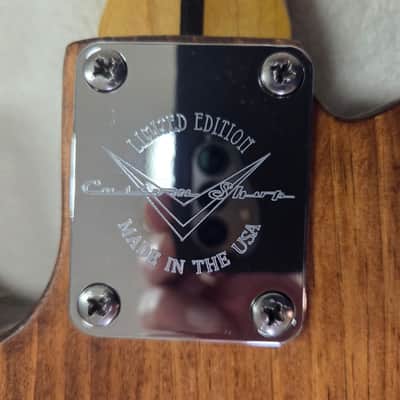 Fender type '50s Esquire image 13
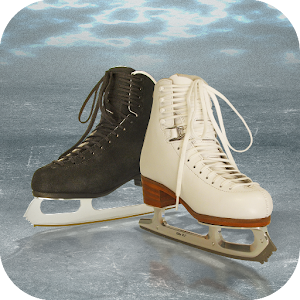 Peak Performance Skating logo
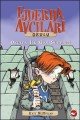 Ejderha Avcıları Okulu 1 Okulda İlk Gün Süprizi, Kate Mcmullan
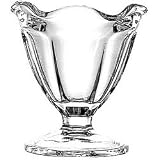 4.5 oz. Footed Sherbet Dish (575GUAH) by Anchor Hocking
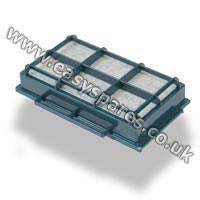 Morphy Richards Motor Filter Cassette (3 Layer) 55470099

#### [Problem]
Starting at the line that contains "4.5 oz. Footed", reproduce every line through the last one in the records exactly, and omit all pictures.

#### [Expected answer]
 4.5 oz. Footed Sherbet Dish (575GUAH) by Anchor Hocking
 Morphy Richards Motor Filter Cassette (3 Layer) 55470099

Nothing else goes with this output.